しかし、ある日突然、伊野は村から姿を消してしまう。その失踪をきっかけに、伊野という人間の存在が浮き彫りになっていく。その時、周りの人間たちは、伊野の「大きな 嘘」を知る。
力強い脚本を繊細なタッチで描きつつ、人間の壊れやすい心を剥き出しにした前作『ゆれる』が記憶に新しい西川美和監督の長編3作品目。今作は前作よりも物語の動きは落ち着いていて、ある種ベタな路線である。その分物語の世界には、すんなりと入り込みやすい。
今作の功は、主役に笑福亭鶴瓶を迎え入れた大胆なキャスティングに尽きる。ここまでルックスにインパクトがあり、誰もが知っている大芸人を主役に抜擢するのは勇気が必要だったに違いない。スクリ?ンに映る『秘密を抱えた小さな村の医師』が『笑福亭鶴瓶にしか見えなくなる』恐れがあるはずなのだが、どっこい 、「この伊野という医師を他に誰が演じられるだろうか?」とまで思わせる。絶妙というよりも、なにやら神がかっている感じさえ受けてしまう(2009年度の主演男優賞決定!?)。作品全体にくどくない上質のユーモアが漂うのは、キャスティングによる効果に違いない。
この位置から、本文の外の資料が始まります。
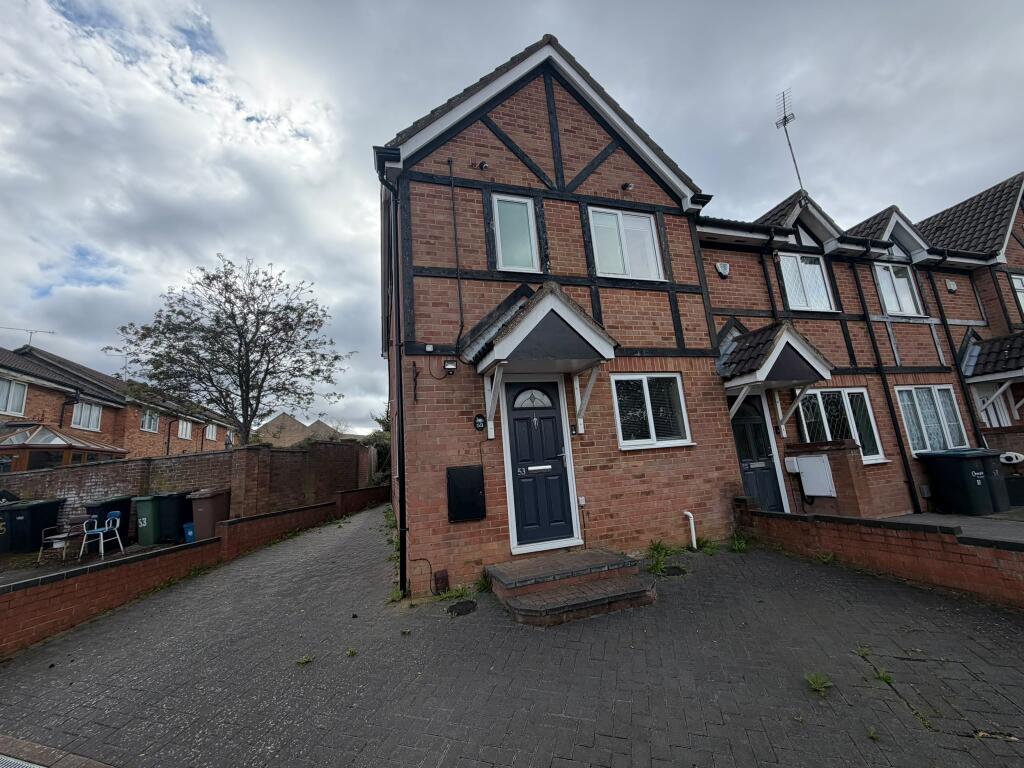 3 bed Mid Terraced House for rent in Chalton. From Connells - Luton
西川監督のオリジナリティーは、とりわけラスト付近に炸裂し、物語の展開に集中している観客に驚きを――映画ならではの驚きを与えるだろう。
へき地医療などの医療問題、医者の本質とは何か? というシリアスな主題を持ちつつ、作品は常に温かい空気に包まれている。そして作品の進行と共に伊野医師の抱えた「嘘」が浮き彫りになっていく。その「嘘」が罪であるのかどうか? 説明し過ぎないことにより、観客が自由に解釈できるように委ねられている。『ディア・ドクター』というタイトルも、その意味は広く、各々が意味付けが出来るだろう。
解釈はどうあれ、伊野医師の医者離れした屈託のない笑顔を、観客は上映終了後に、1度は想い出すだろう。